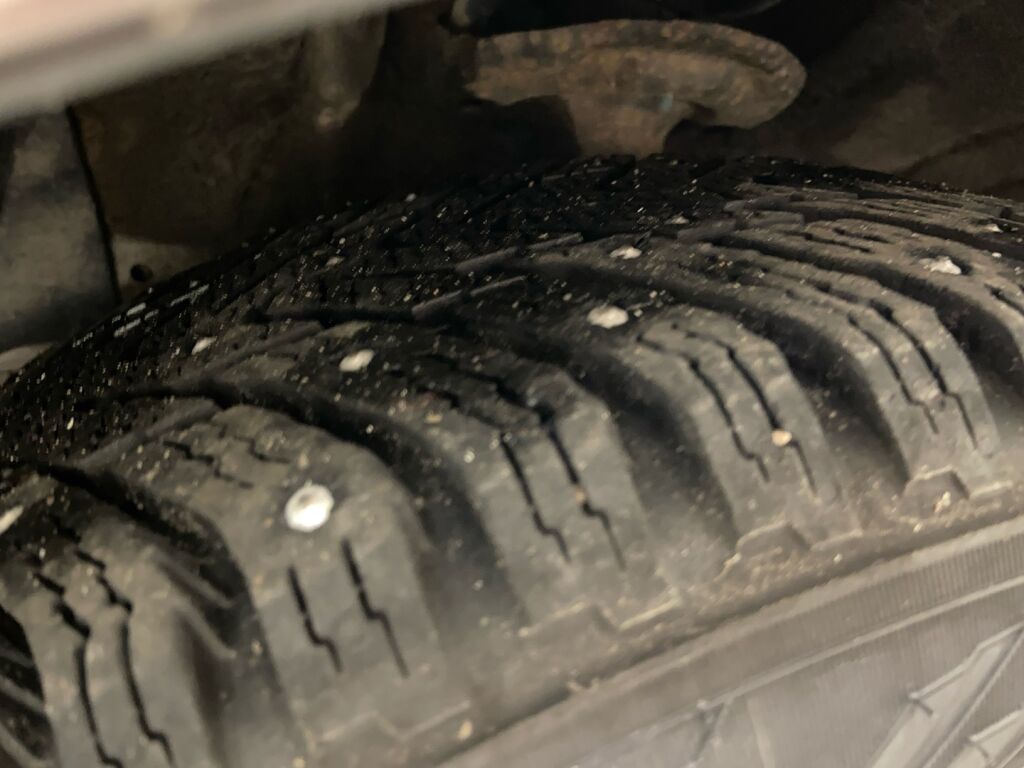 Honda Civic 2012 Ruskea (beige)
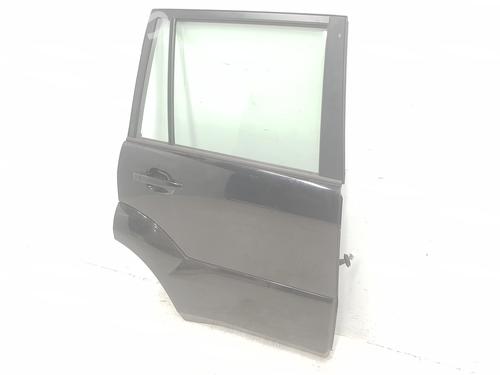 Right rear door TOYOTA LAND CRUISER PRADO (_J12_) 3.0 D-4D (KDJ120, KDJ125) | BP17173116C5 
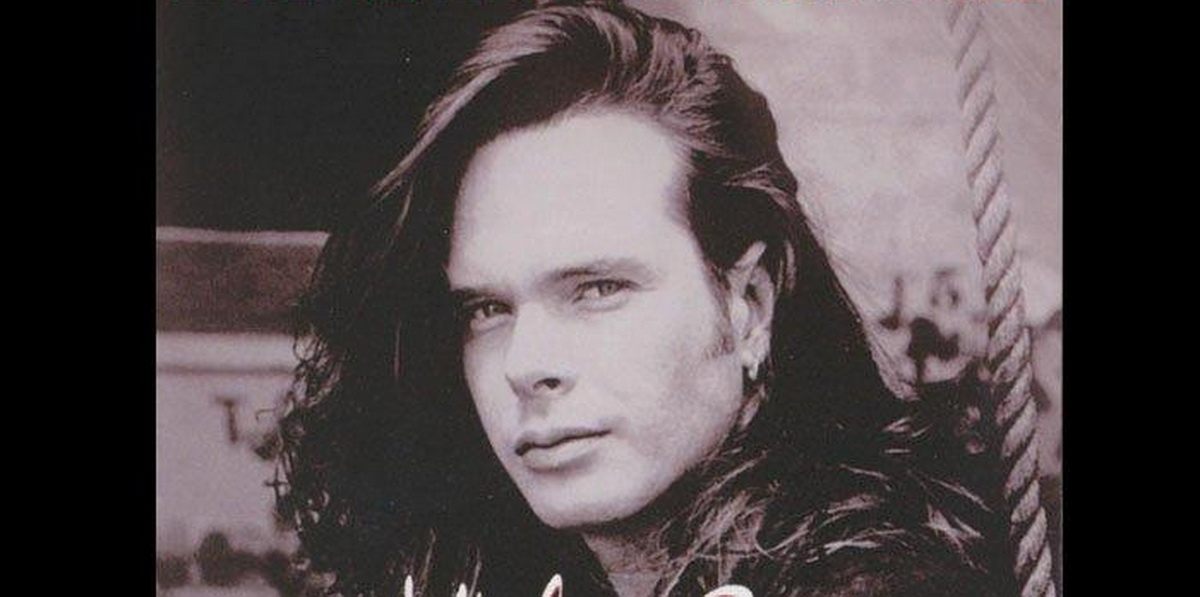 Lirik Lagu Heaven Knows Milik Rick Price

The task: Please transcribe each line above exactly, but leave the images out.

Reply to the exercise:
 Honda Civic 2012 Ruskea (beige)
 Right rear door TOYOTA LAND CRUISER PRADO (_J12_) 3.0 D-4D (KDJ120, KDJ125) | BP17173116C5 
 Lirik Lagu Heaven Knows Milik Rick Price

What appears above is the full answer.